• **What to do**: A faithful copy of the entries is required, with no images in it.

(Short text fragments from websites)
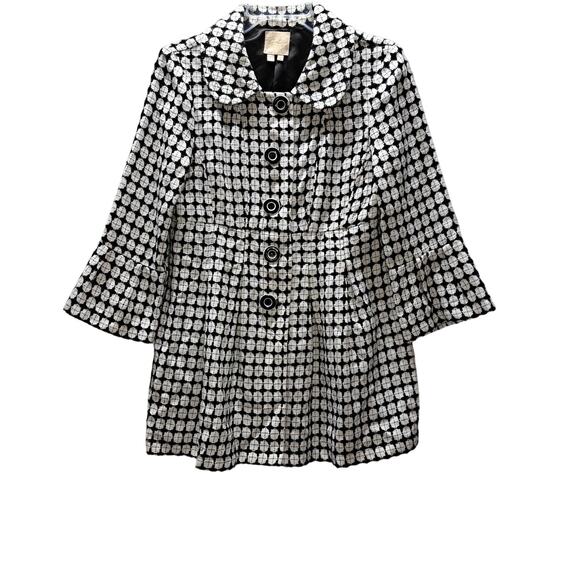 Sequin Hearts BlkWhite 3/4 Bell sleeve Peter Pan Collar front button Blazer 9 - Picture 1 of 11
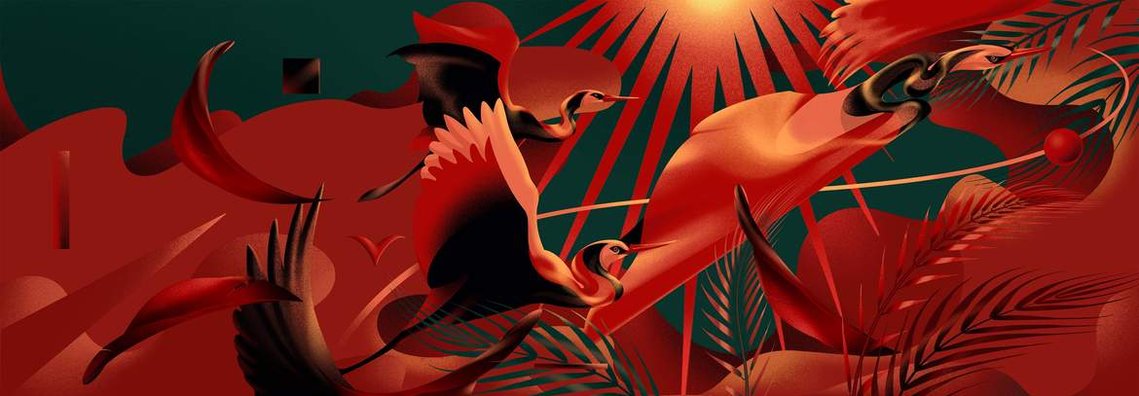 A surreal and red-coloured monochromatic digital artwork depicting cranes in the sky.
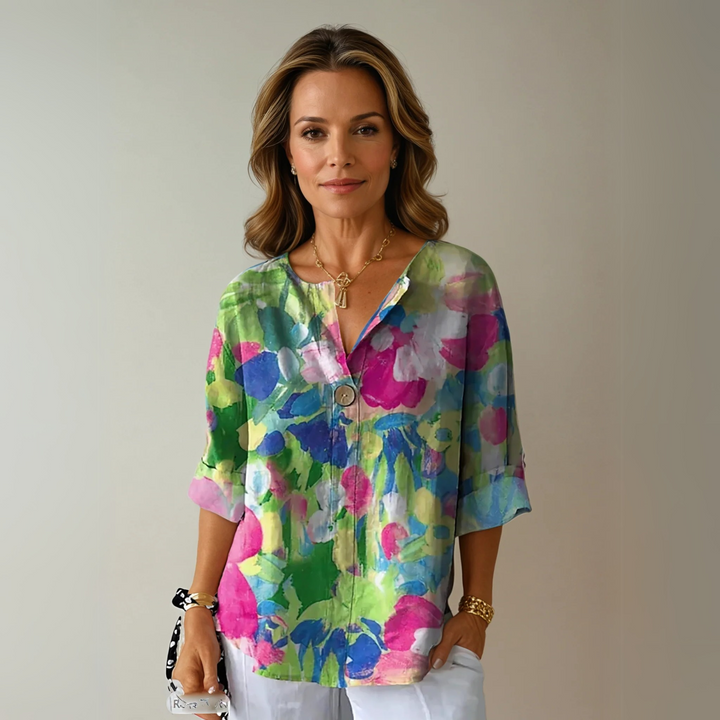 Marguerite | Women's Printed V-Neck Blouse with Mosaic Floral Stained-Glass Design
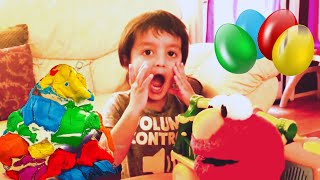 Playdough toys Elmo LETTERS NUMBERS SHAPES LUNCH I Play doh for kids I Play Doh videos for toddlers
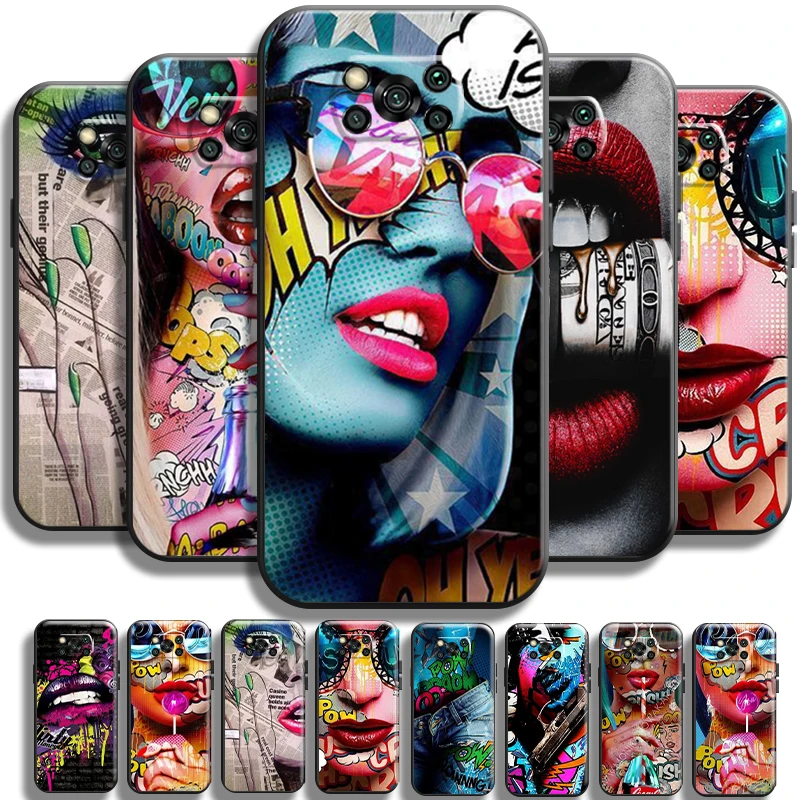 

Fashion Sexy Street Graffiti For Xiaomi Poco X3 Pro NFC For POCO X3 GT Phone Case Full Protection Carcasa Black Cases TPU Back
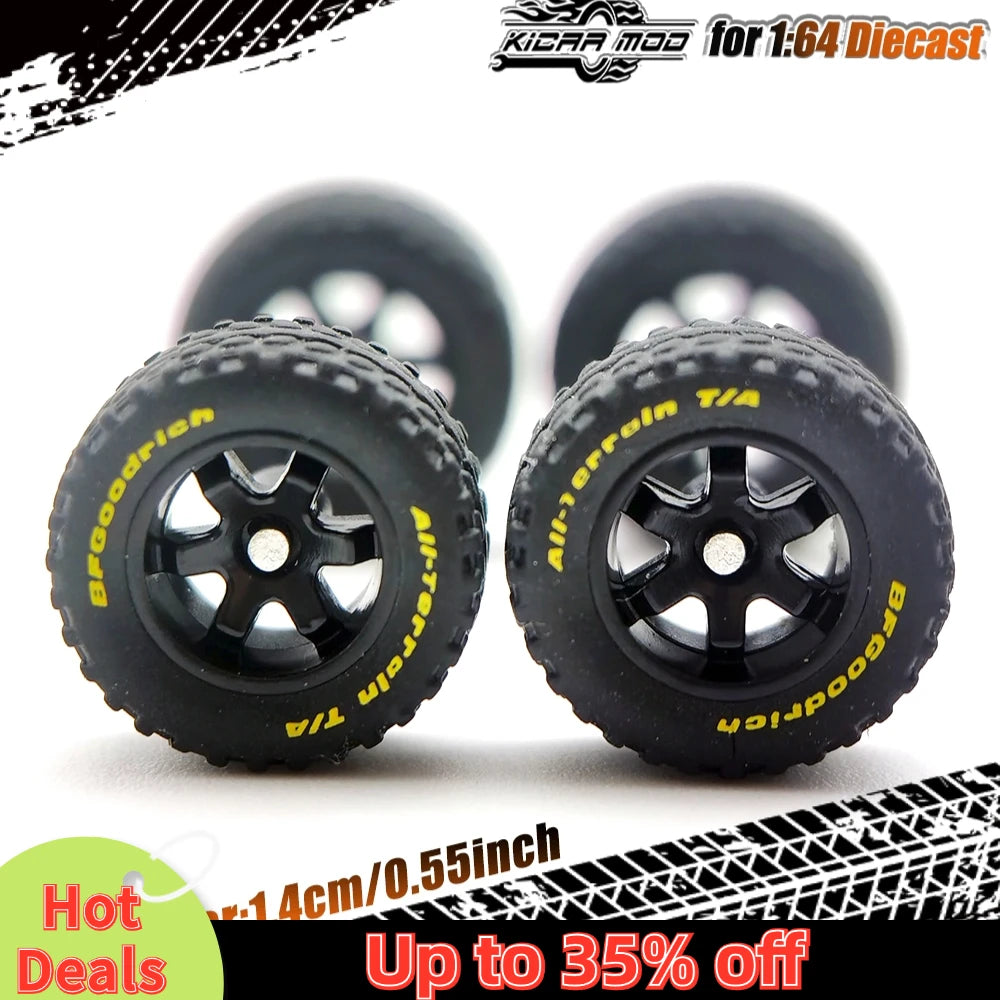 1/64 14mm Rubber Tires Tyre band letter & Diecast Car Wheels for 1:64 For Off-Road Dedicated to Pickup Trucks,Large Sedan(1 Set)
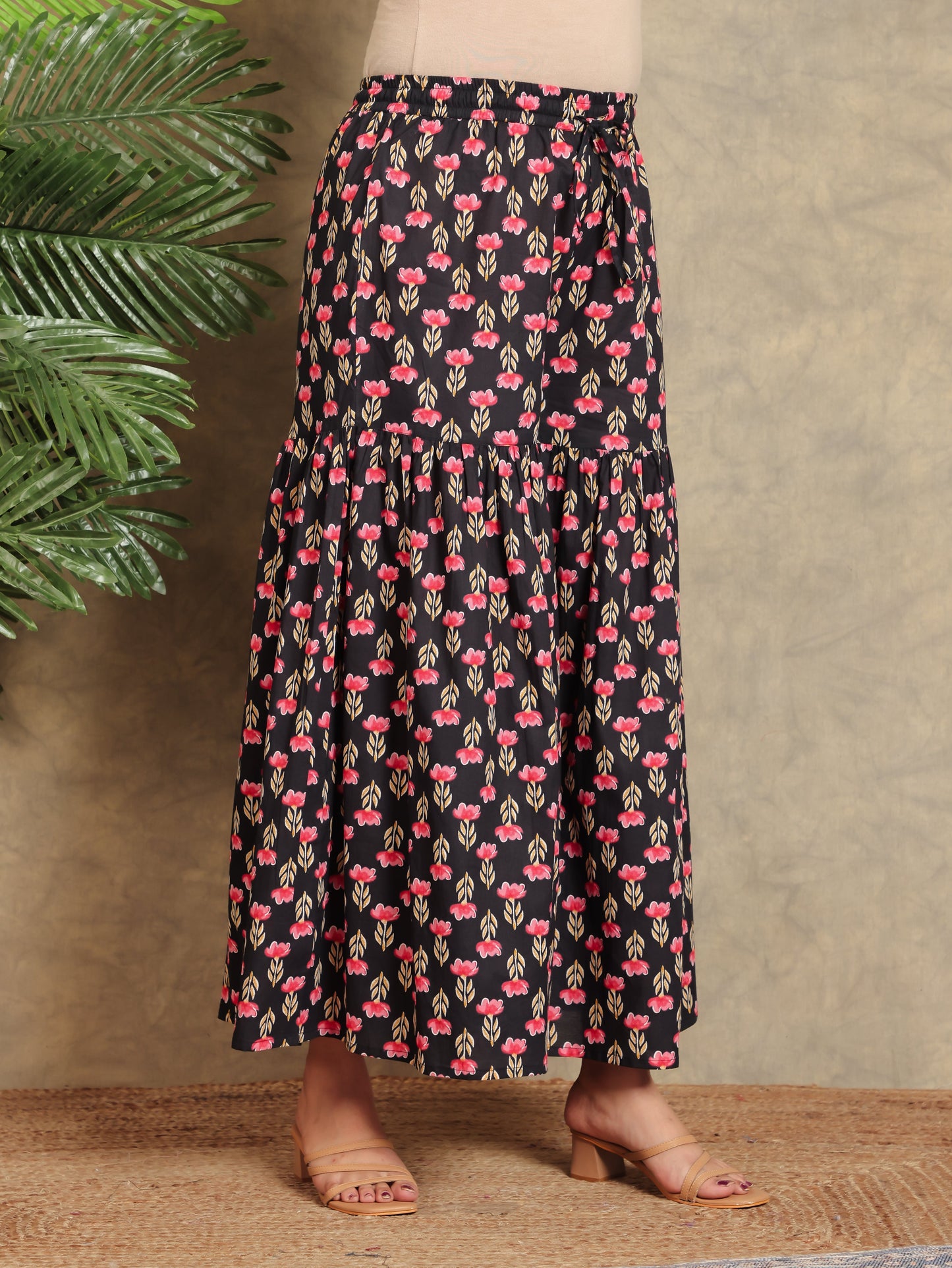 Soft Cotton Floral Straight Black Kurta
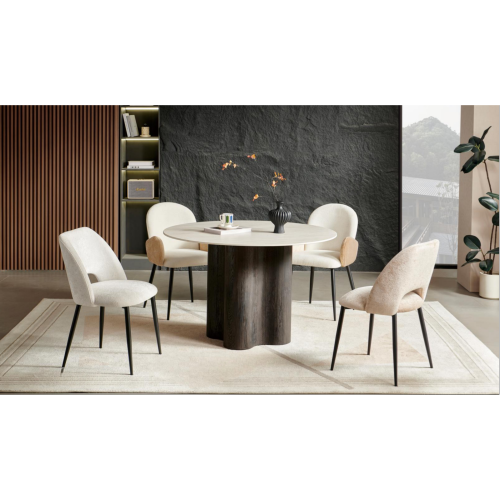 Elegante mesa de jantar redonda de pedra sinterizada para espaços contemporâneos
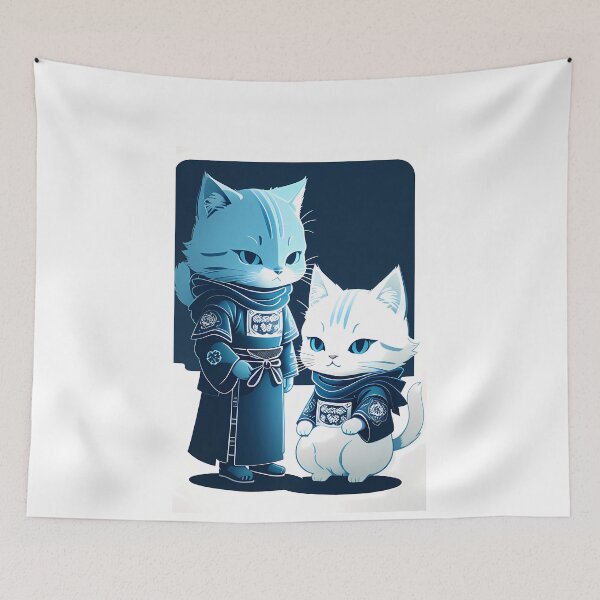 Item preview, Cyanotype Samurai Cat Serene Warrior Spirit designed and sold by Mechanical-Artt.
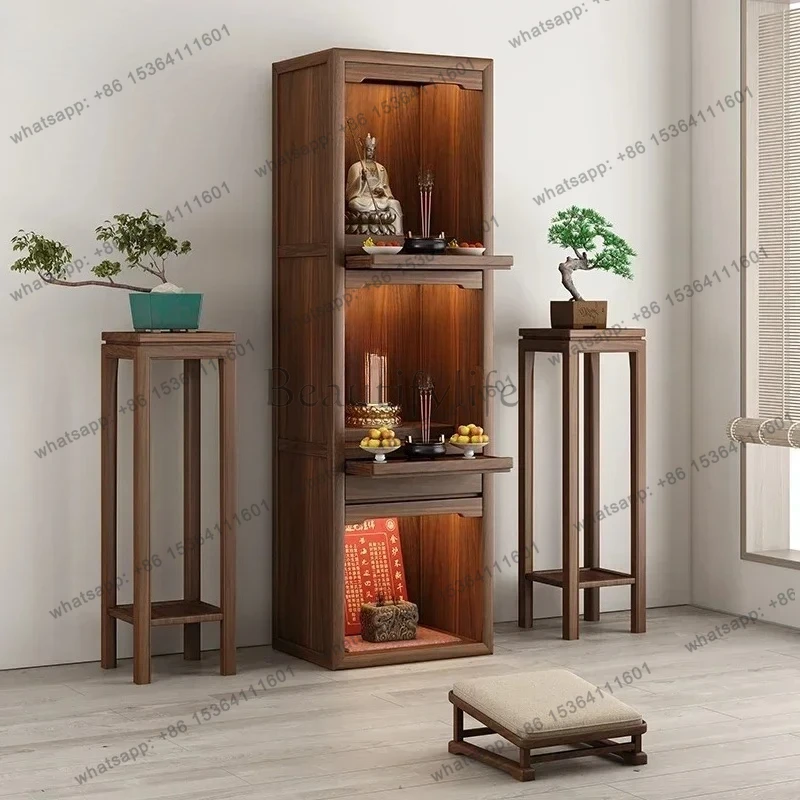 Factory Direct New Chinese-style solid wood  three-layer Buddhist shrine offering table New Chinese-style simple shrine shrine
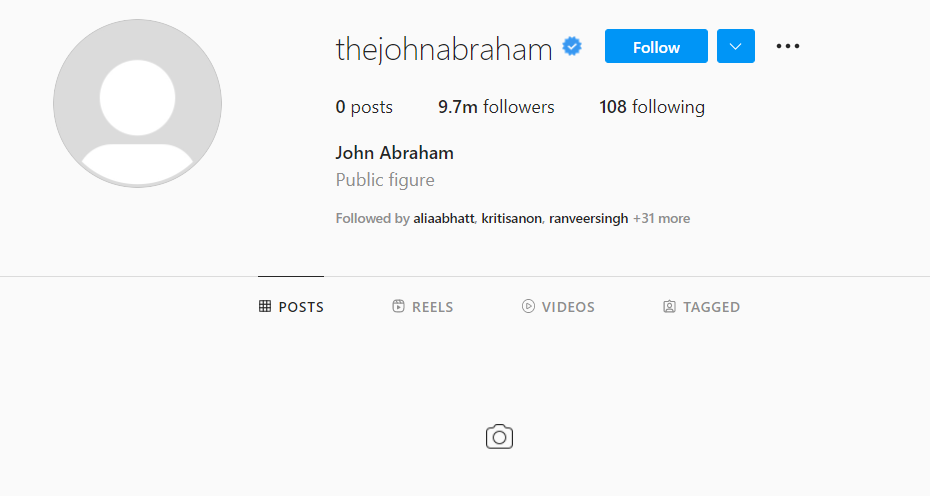 John Abraham first post on Instagram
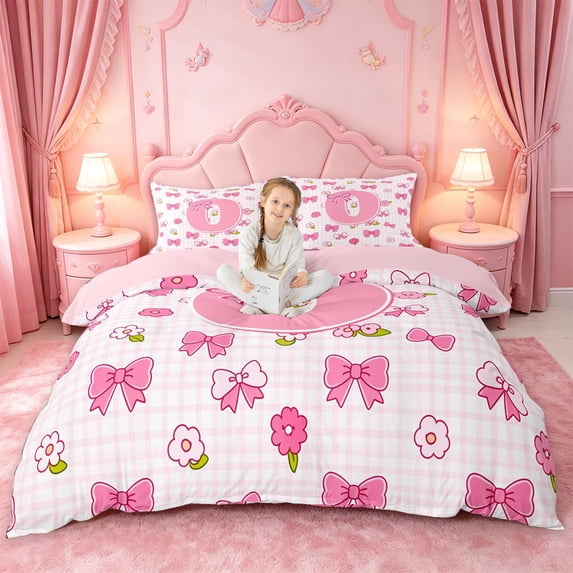 jejeloiu Pink Floral Initial O Queen Duvet Cover Set For Girls,Princess Bowknot Alphabet Art Bedding For Kids,Pink Reversible,3 Pieces(No Comforter)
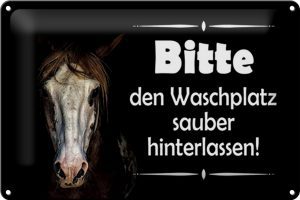 Schild Blech 30x20cm - Made in Germany - Spruch Pferde bitte Waschplatz sauber Metall Deko Blechschild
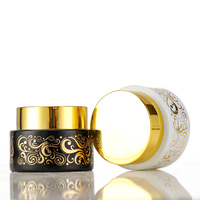 Bouteilles de soins de la peau personnalisées, pots cosmétiques en verre ambré givré mat noir de luxe, vides, avec couvercles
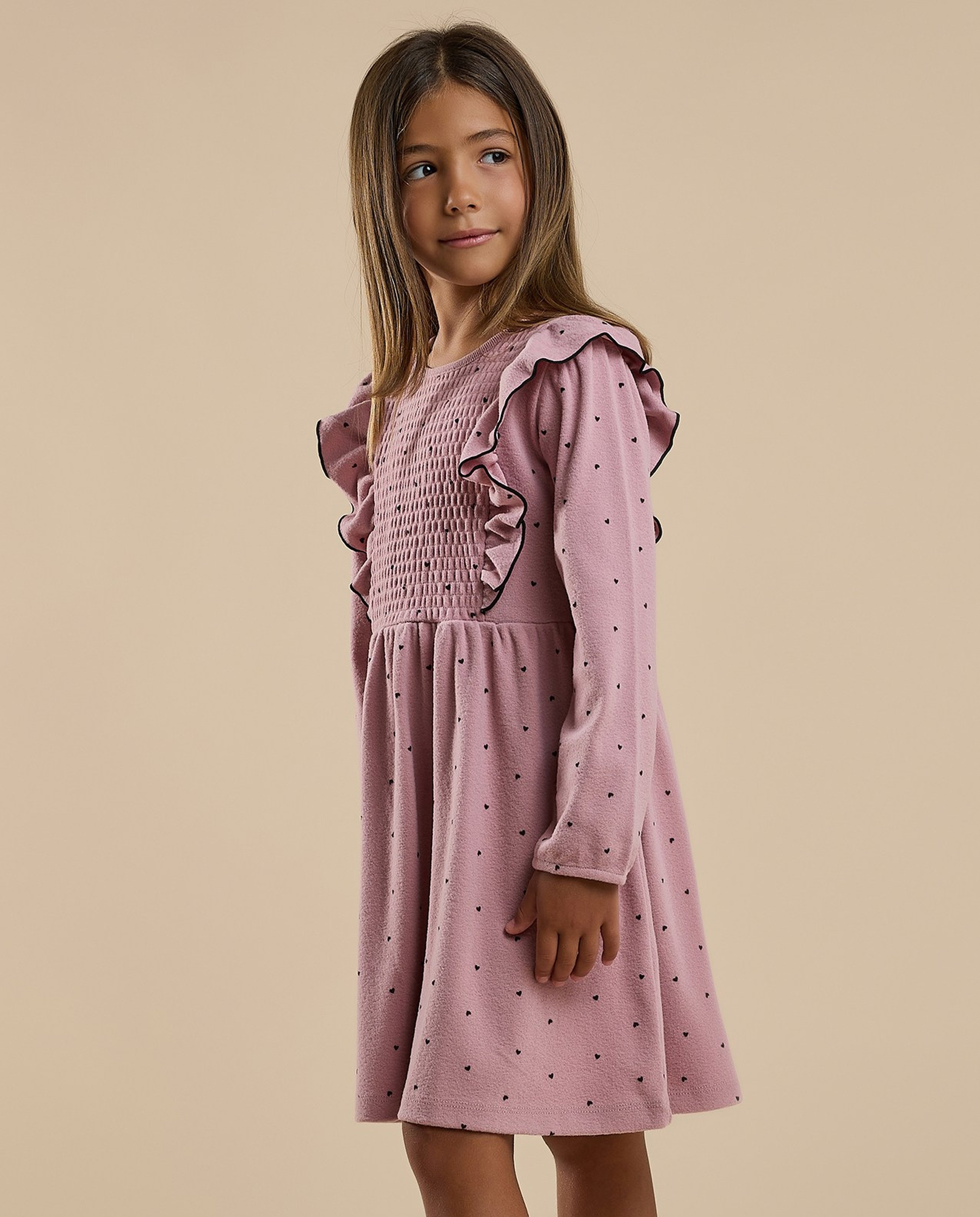 Printed Flared Dress with Crew Neck and Long Sleeves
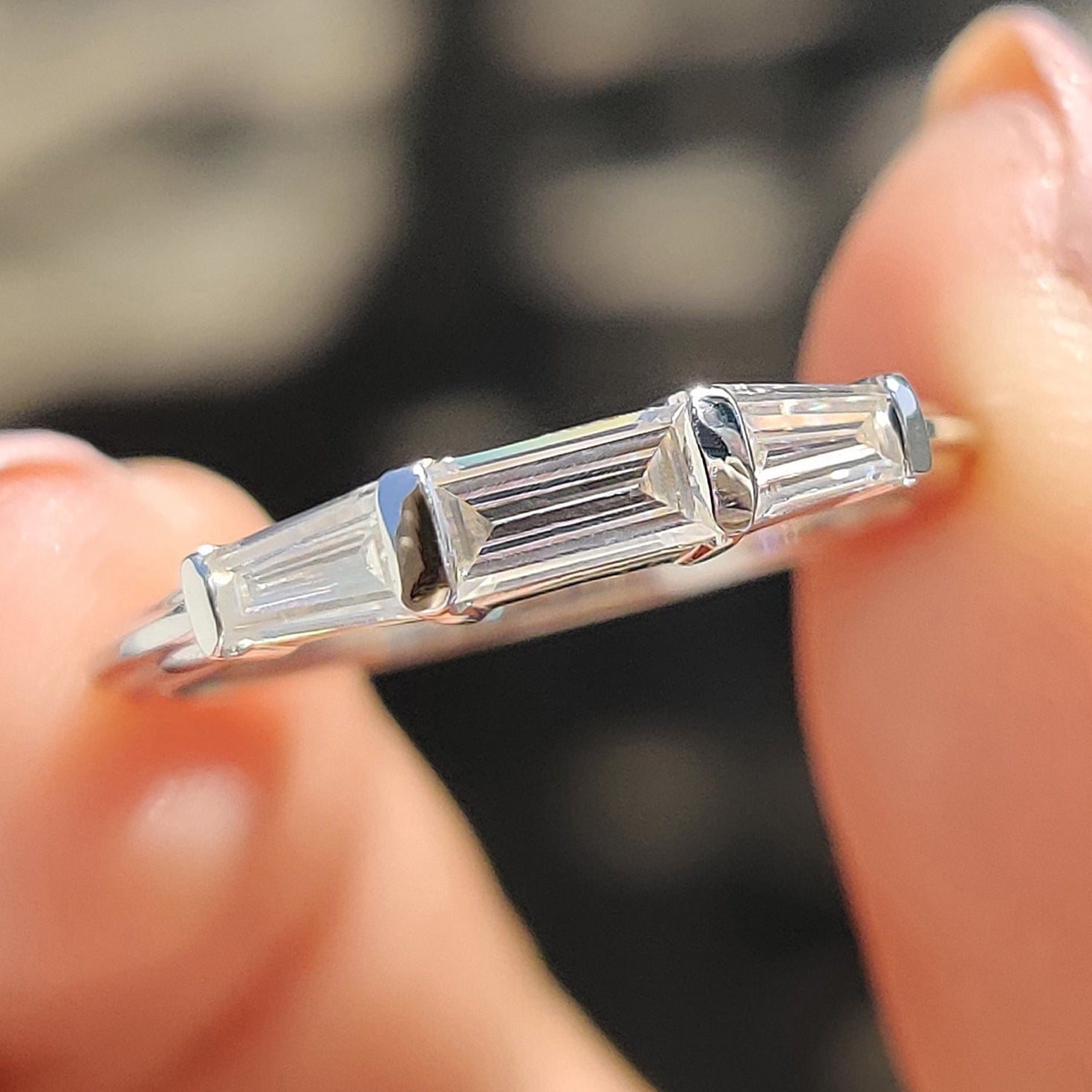 Baguette Wedding Band With Tapered Baguette Side Stones Main image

• **Your response**:
 Sequin Hearts BlkWhite 3/4 Bell sleeve Peter Pan Collar front button Blazer 9 - Picture 1 of 11
 A surreal and red-coloured monochromatic digital artwork depicting cranes in the sky.
 Marguerite | Women's Printed V-Neck Blouse with Mosaic Floral Stained-Glass Design
 Playdough toys Elmo LETTERS NUMBERS SHAPES LUNCH I Play doh for kids I Play Doh videos for toddlers

Fashion Sexy Street Graffiti For Xiaomi Poco X3 Pro NFC For POCO X3 GT Phone Case Full Protection Carcasa Black Cases TPU Back
 1/64 14mm Rubber Tires Tyre band letter & Diecast Car Wheels for 1:64 For Off-Road Dedicated to Pickup Trucks,Large Sedan(1 Set)
 Soft Cotton Floral Straight Black Kurta
 Elegante mesa de jantar redonda de pedra sinterizada para espaços contemporâneos
 Item preview, Cyanotype Samurai Cat Serene Warrior Spirit designed and sold by Mechanical-Artt.
 Factory Direct New Chinese-style solid wood  three-layer Buddhist shrine offering table New Chinese-style simple shrine shrine
 John Abraham first post on Instagram
 jejeloiu Pink Floral Initial O Queen Duvet Cover Set For Girls,Princess Bowknot Alphabet Art Bedding For Kids,Pink Reversible,3 Pieces(No Comforter)
 Schild Blech 30x20cm - Made in Germany - Spruch Pferde bitte Waschplatz sauber Metall Deko Blechschild
 Bouteilles de soins de la peau personnalisées, pots cosmétiques en verre ambré givré mat noir de luxe, vides, avec couvercles
 Printed Flared Dress with Crew Neck and Long Sleeves
 Baguette Wedding Band With Tapered Baguette Side Stones Main image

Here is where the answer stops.